Tories admit Brexit talks will leave British politics crippled for next two years

Square

Posted by Geoff Bishop

Senior Tories have admitted that Brexit will continue to cripple British politics for another two years.

Cabinet minister Andrea Leadsom has revealed some MPs will spend the next 24 months at Westminster working on Britain quitting the EU.

The time will be taken up changing thousands of Brussels rules and regulations into British law in the so-called Great Repeal Bill.

Next year’s Queen’s Speech is being ditched by the Government to ease the way in Parliament for new Brexit laws.

In a highly unusual move, the parliamentary session is being doubled to two years.

Commons leader Leadsom said it would give MPs and peers the maximum time possible to scrutinise legislation taking the UK out of the European Union.
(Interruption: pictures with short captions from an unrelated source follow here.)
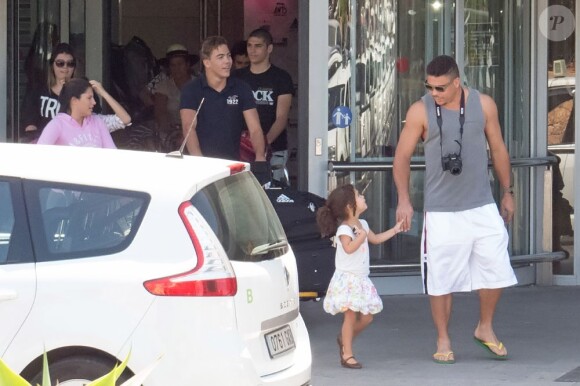 Ronaldo a débarqué à Ibiza en compagnie de sa compagne Paula Morais et ses enfants, le 16 juillet 2013
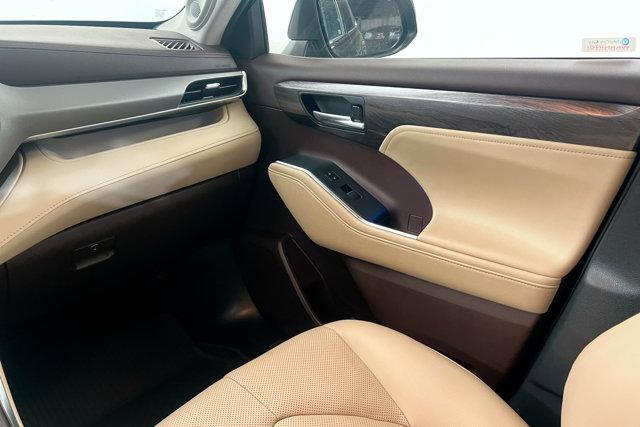 used 2021 Toyota Highlander car, priced at $39,069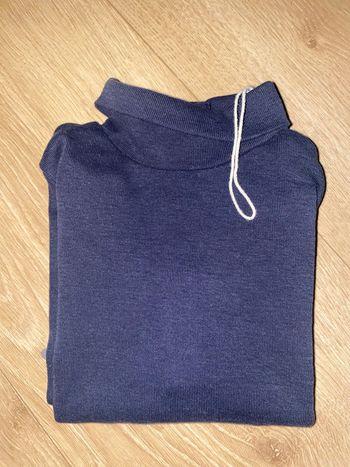 Col roulé boutchou 12 mois neuf avec étiquette bleu marine mixte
It means the Government will not put forward a new legislative program next year.

The announcement was made ahead of the start of negotiations between Britain and the EU.

Under discussion in Brussels tomorrow will be the future of British expats in Europe, the UK’s “divorce bill” from the EU – expected to be about £35billion – and the Northern Ireland border.
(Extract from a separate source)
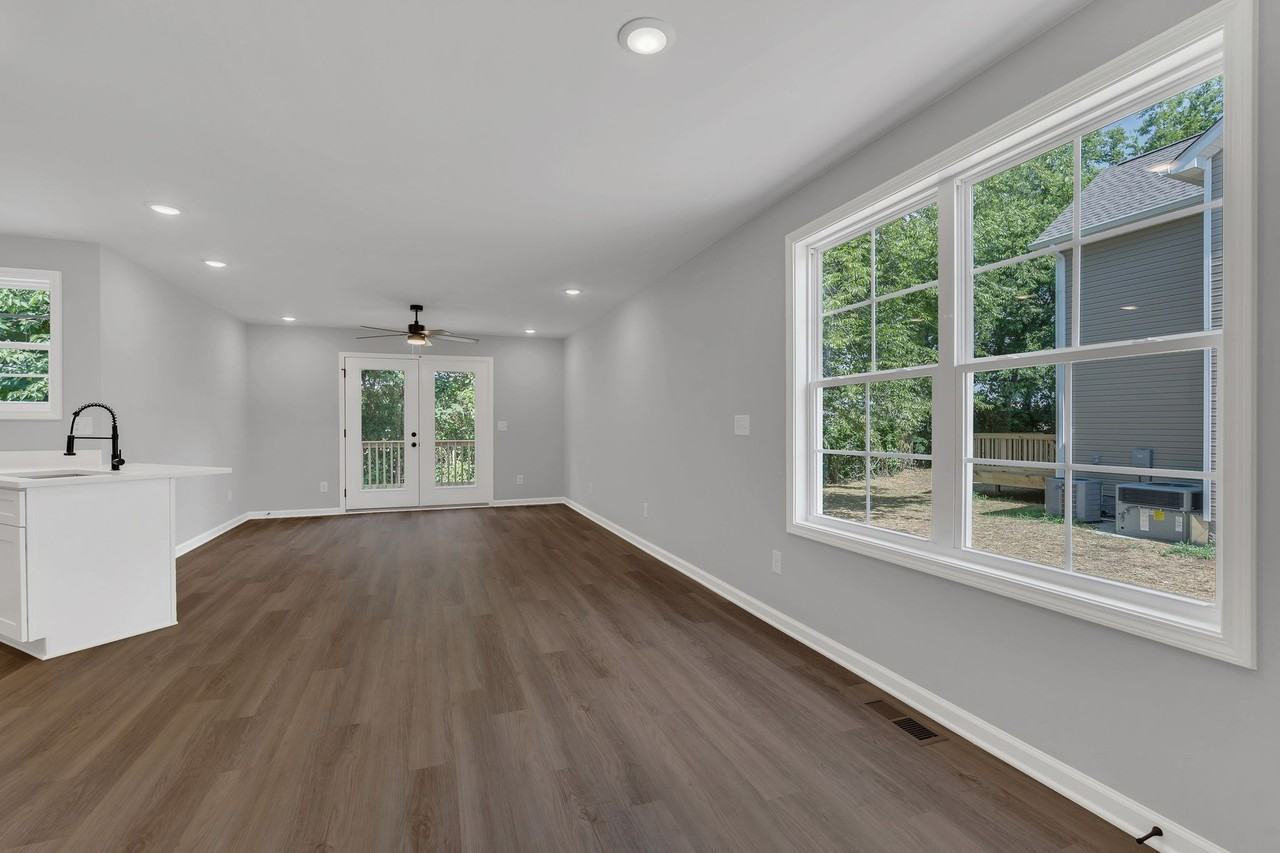 164 S Ford St #1 - Photo 4 of 31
Leadsom said the “substantial legislative program” meant the next Westminster session should be extended to two years.

She said: “While our top priority right now is supporting the victims of the terrible tragedy at Grenfell tower, we also need to look ahead by setting out a legislative program that not only delivers a successful EU exit but also a domestic agenda which aims to tackle the social injustices in our country.

“The UK will spend the next two years preparing for our departure from the European Union in a way that best places us to realise the opportunities ahead and build a fairer society.

“This will require substantial amounts of legislation, beginning with the Great Repeal Bill.

“We will build the broadest possible consensus for our Brexit plans and that means giving Parliament the maximum amount of time to scrutinise these bills by holding a two-year session of Parliament.

“It will mean we can work together to deliver a successful Brexit deal and a strong social legislative program that delivers justice and opportunity to everyone.”

Brexit Secretary David Davis and EU chief negotiator Michel Barnier will kick off the talks.

Davis said: “As I head to Brussels to open official talks to leave the EU, there should be no doubt – we are leaving the European Union and delivering on that historic referendum result.

“Now, the hard work begins. We must secure a deal that works for all parts of the United Kingdom, and enables us to become a truly global Britain.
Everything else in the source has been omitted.